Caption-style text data
◆ ◆ ◆
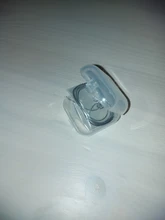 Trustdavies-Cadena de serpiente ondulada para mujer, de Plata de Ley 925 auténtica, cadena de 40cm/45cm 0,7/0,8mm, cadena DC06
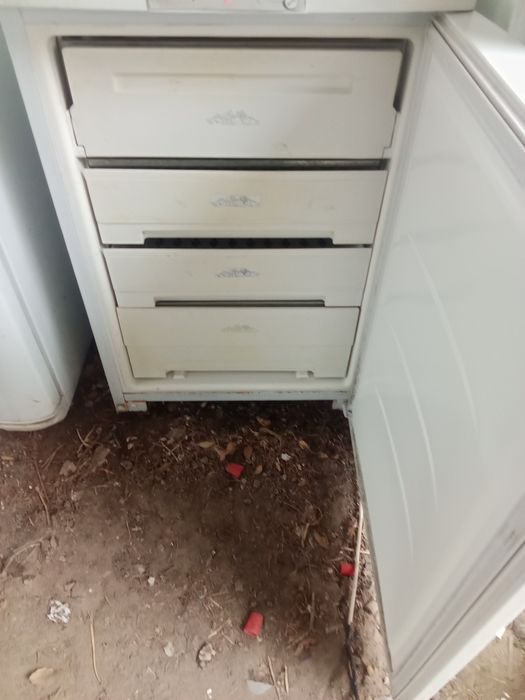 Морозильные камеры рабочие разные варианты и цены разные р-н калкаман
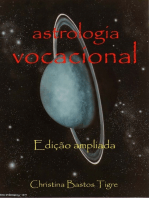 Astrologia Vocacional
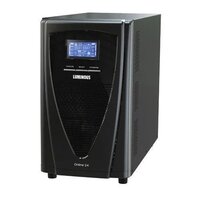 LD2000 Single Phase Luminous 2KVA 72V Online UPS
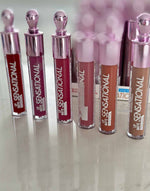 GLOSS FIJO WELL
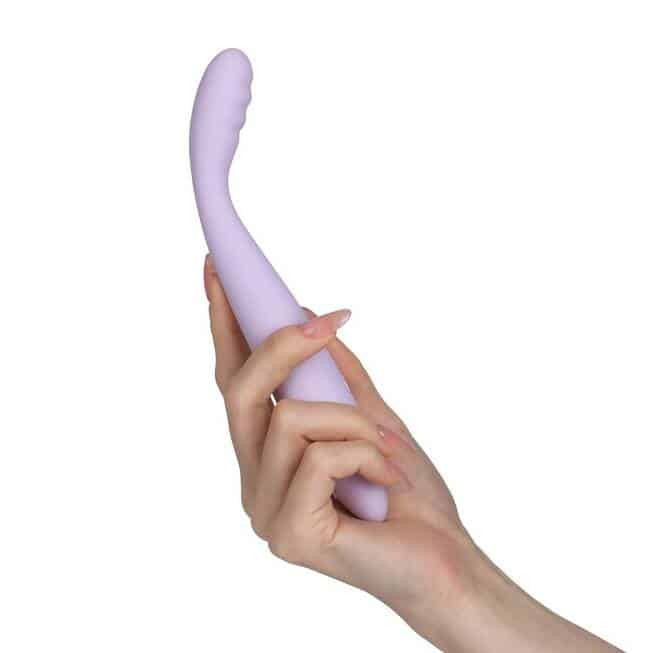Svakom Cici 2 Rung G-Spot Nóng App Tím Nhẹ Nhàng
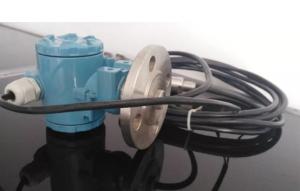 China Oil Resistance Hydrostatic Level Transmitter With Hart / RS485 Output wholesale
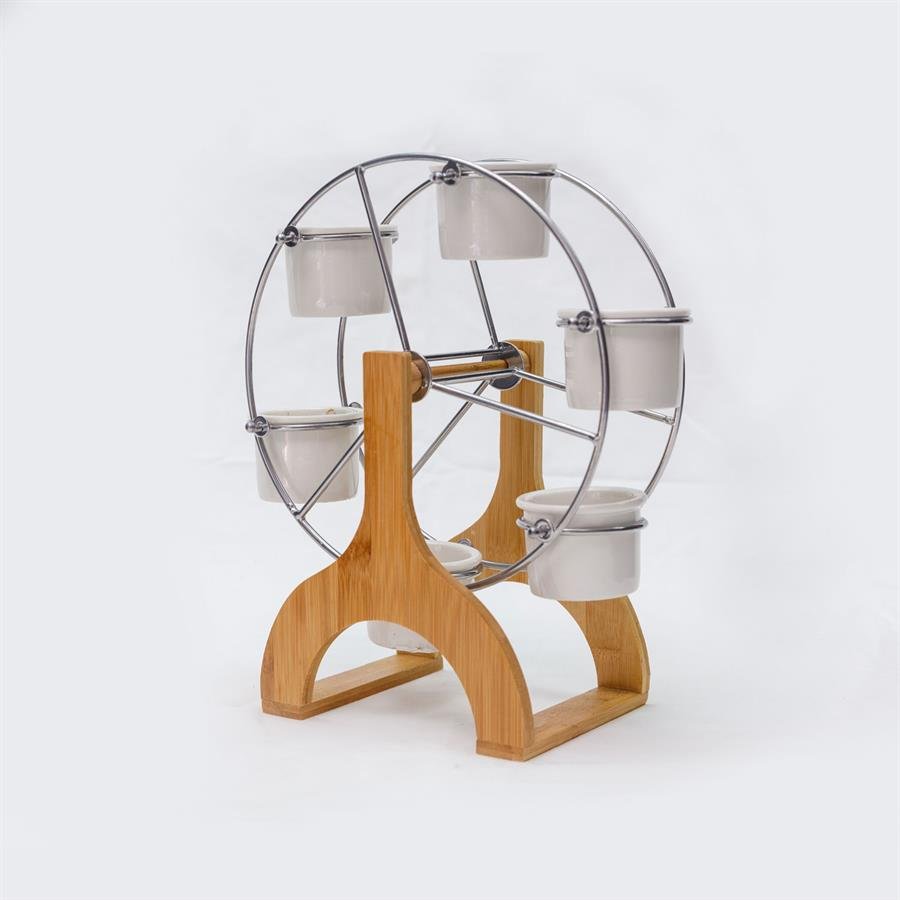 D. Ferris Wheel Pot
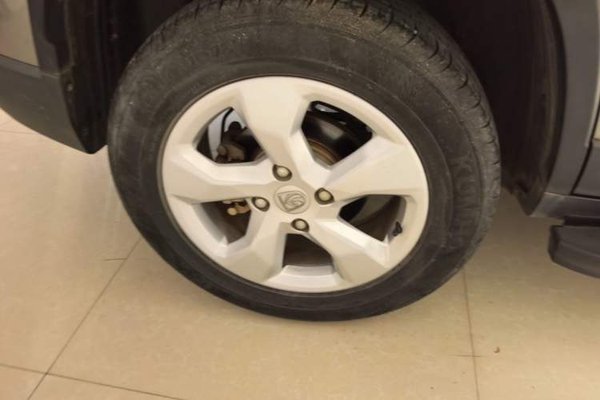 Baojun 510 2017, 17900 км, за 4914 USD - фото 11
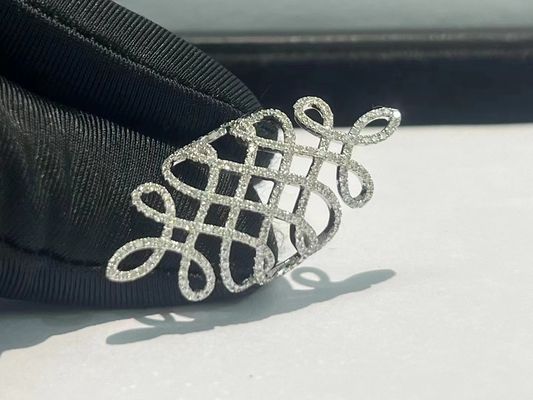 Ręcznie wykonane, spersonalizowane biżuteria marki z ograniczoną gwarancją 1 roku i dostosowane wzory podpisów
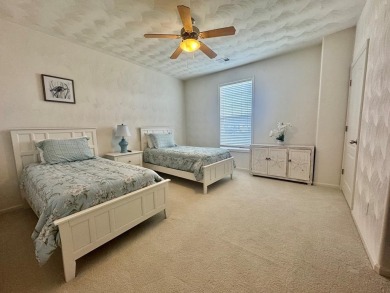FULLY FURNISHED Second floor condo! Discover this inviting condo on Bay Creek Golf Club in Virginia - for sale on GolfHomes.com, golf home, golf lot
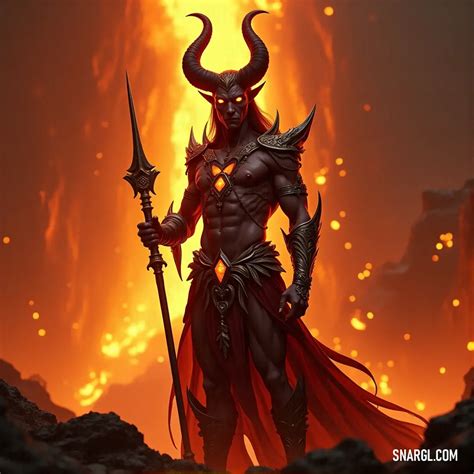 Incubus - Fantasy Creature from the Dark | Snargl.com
◆ ◆ ◆
Work order
Please set down exactly the lines from the first line of the data above through the line with "Astrologia Vocacional", both included, leaving out the pictures.

Exercise response
 Trustdavies-Cadena de serpiente ondulada para mujer, de Plata de Ley 925 auténtica, cadena de 40cm/45cm 0,7/0,8mm, cadena DC06
 Морозильные камеры рабочие разные варианты и цены разные р-н калкаман
 Astrologia Vocacional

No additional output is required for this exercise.